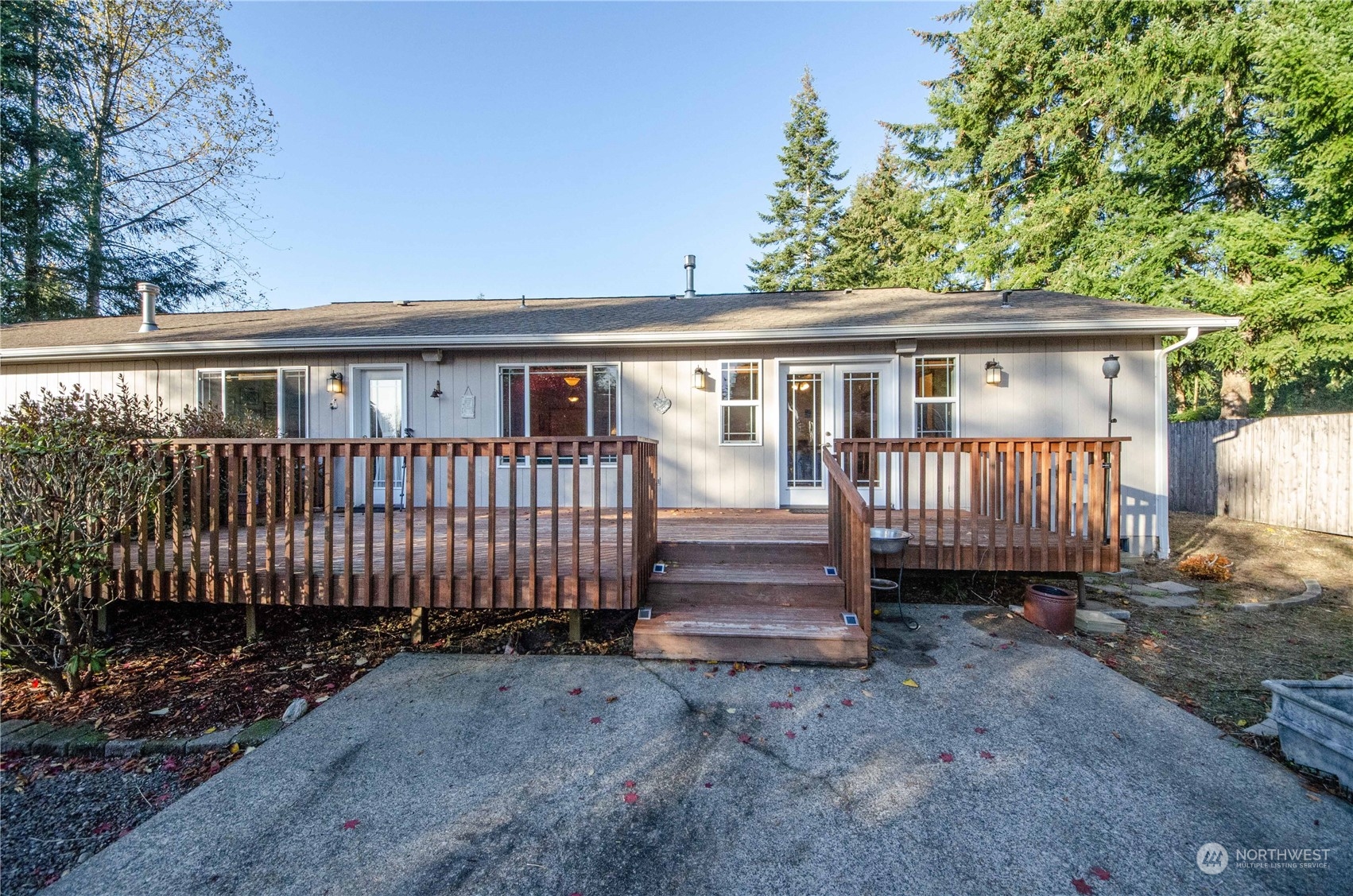 8203 177th Lane Southwest Rochester, WA 98579 - Photo 27 of 30 a view of a house with a backyard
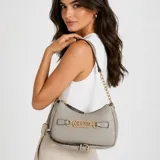 Cartera Guess modelo Celestia, de color gris, confeccionada en material sintético con textura geométrica en relieve y logo de la marca estampado. Cuenta con cierre superior, herrajes dorados, detalle de hebilla con el nombre de la marca al frente y correa ajustable para llevar al hombro o cruzada.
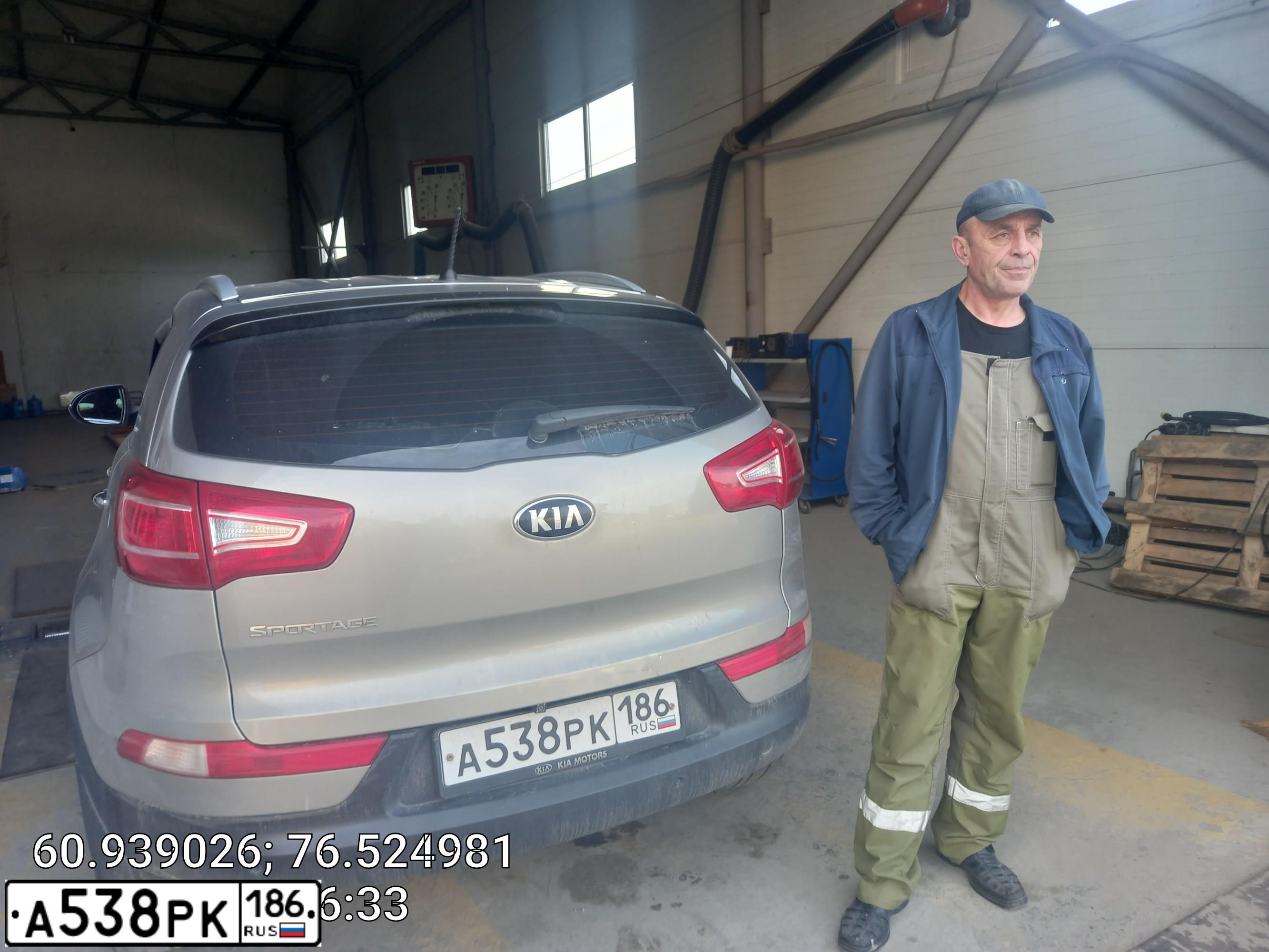 Фото автомобиля KIA SPORTAGE, 2012 — госномер М023ТК702. Цвет: серебристый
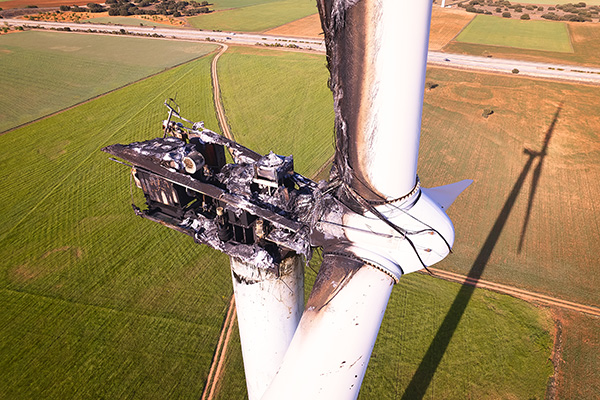 A wind turbine with a severely burned and damaged nacelle stands above green and brown farmland.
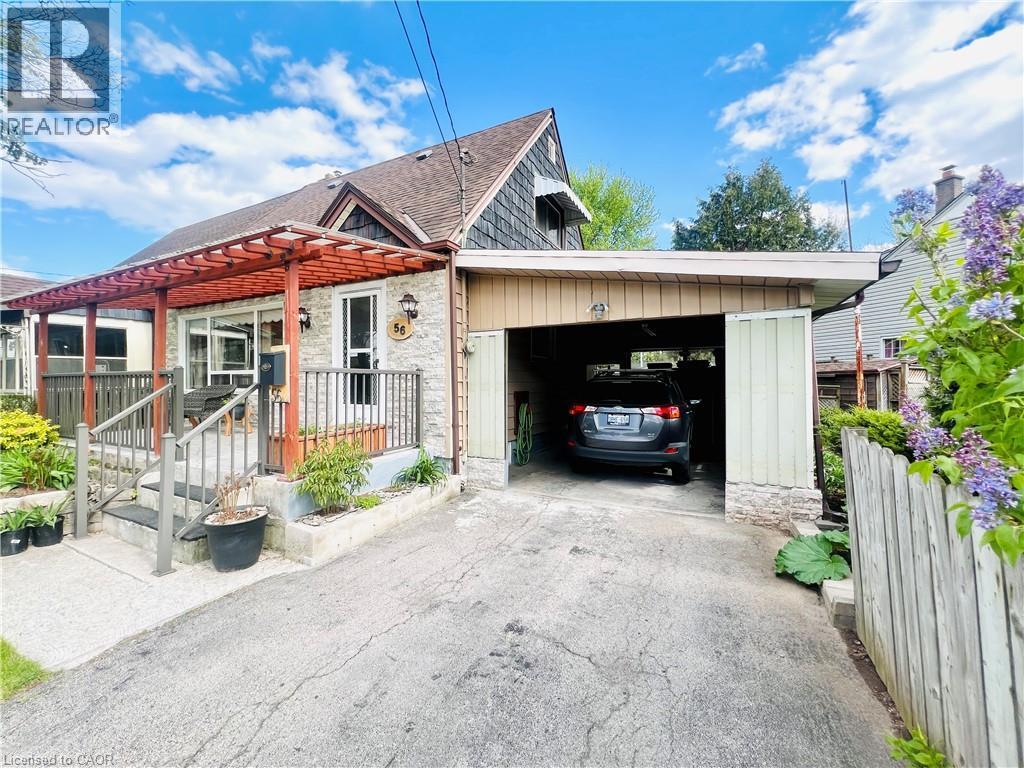Exterior featuring a stone facade, wood pergola, covered front porch, and an attached carport - 56 Eastvale Place, Hamilton, ON - Outdoor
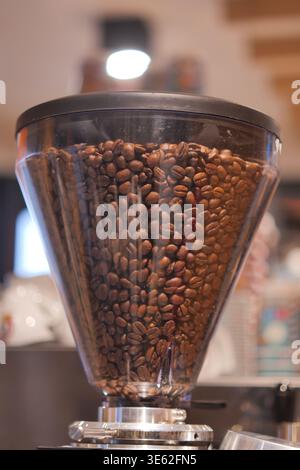 Coffee beans in grinder at cafe during day Stock Photo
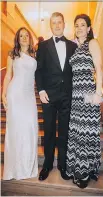  ?? KAREL CHLADEK ?? STAIR MASTERS: Bouclair’s Daphnée Gagnon, in Hervé Léger, plastic surgeon Karl Schwarz, in Tom Ford, and wife, anesthesio­logist Niki Jecen Schwarz, in Missoni, climb the stairway to fabulous at the 2017 Daffodil Ball.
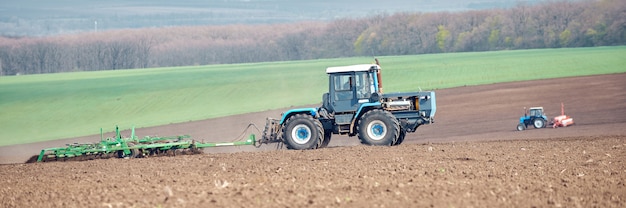 Un tracteur labourant et semant dans le champ. Format panoramique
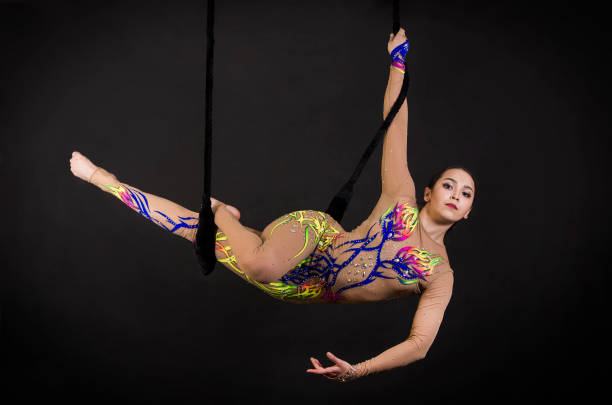 istock Aerial acrobat in the trapeze. 922684936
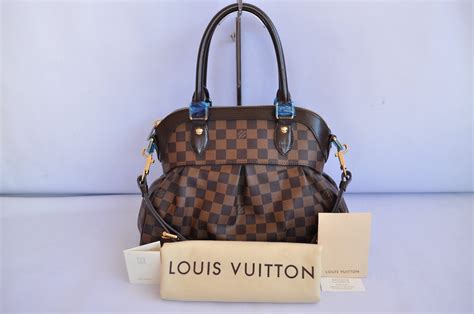 louis vuitton trevi pm fake vs real|false louis vuitton.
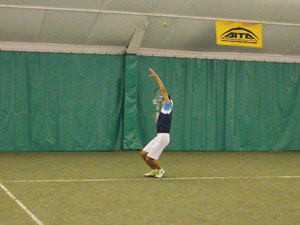 Boy Serving on Indoor Courts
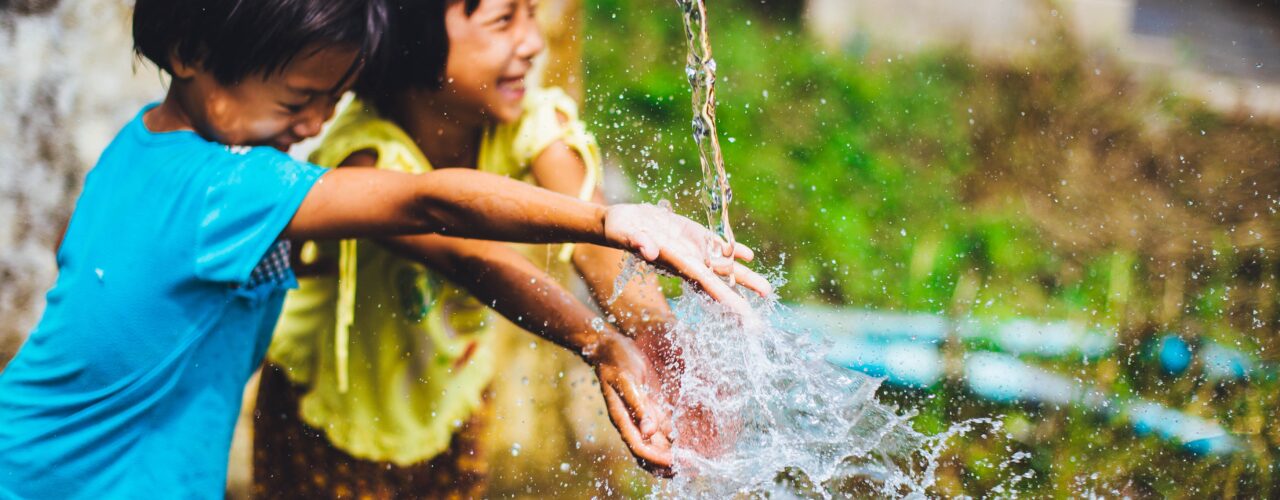 two girl playing water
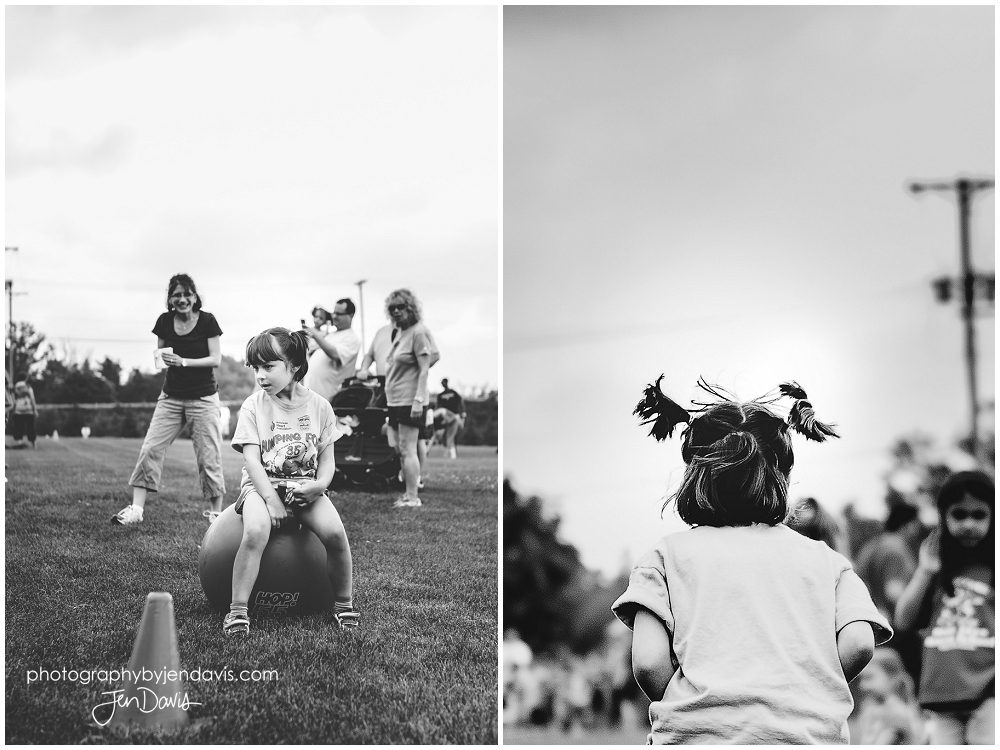 black and white of girl playing sports in field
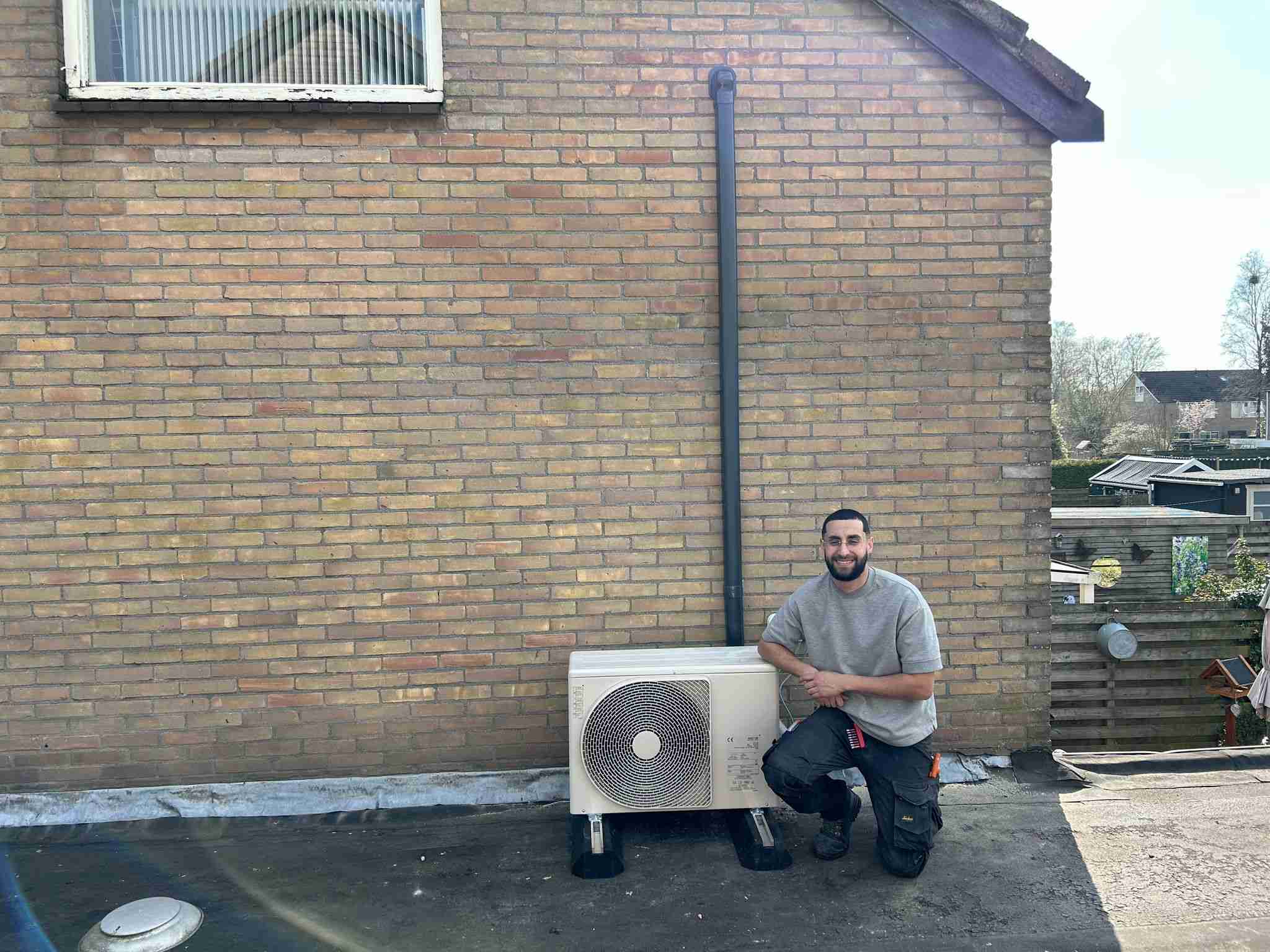 Een man knielt op een dak naast een gemonteerde hybride warmtepompinstallatie die aan een bakstenen muur is bevestigd en lacht naar de camera. Het is een zonnige en heldere dag.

########

Task details
Please restate the whole listing exactly, without any of its pictures.

Expected answer
 8203 177th Lane Southwest Rochester, WA 98579 - Photo 27 of 30 a view of a house with a backyard
 Cartera Guess modelo Celestia, de color gris, confeccionada en material sintético con textura geométrica en relieve y logo de la marca estampado. Cuenta con cierre superior, herrajes dorados, detalle de hebilla con el nombre de la marca al frente y correa ajustable para llevar al hombro o cruzada.
 Фото автомобиля KIA SPORTAGE, 2012 — госномер М023ТК702. Цвет: серебристый
 A wind turbine with a severely burned and damaged nacelle stands above green and brown farmland.
Exterior featuring a stone facade, wood pergola, covered front porch, and an attached carport - 56 Eastvale Place, Hamilton, ON - Outdoor
 Coffee beans in grinder at cafe during day Stock Photo
  ?? KAREL CHLADEK ?? STAIR MASTERS: Bouclair’s Daphnée Gagnon, in Hervé Léger, plastic surgeon Karl Schwarz, in Tom Ford, and wife, anesthesio­logist Niki Jecen Schwarz, in Missoni, climb the stairway to fabulous at the 2017 Daffodil Ball.
 Un tracteur labourant et semant dans le champ. Format panoramique
 istock Aerial acrobat in the trapeze. 922684936
 louis vuitton trevi pm fake vs real|false louis vuitton.
 Boy Serving on Indoor Courts
 two girl playing water
 black and white of girl playing sports in field
 Een man knielt op een dak naast een gemonteerde hybride warmtepompinstallatie die aan een bakstenen muur is bevestigd en lacht naar de camera. Het is een zonnige en heldere dag.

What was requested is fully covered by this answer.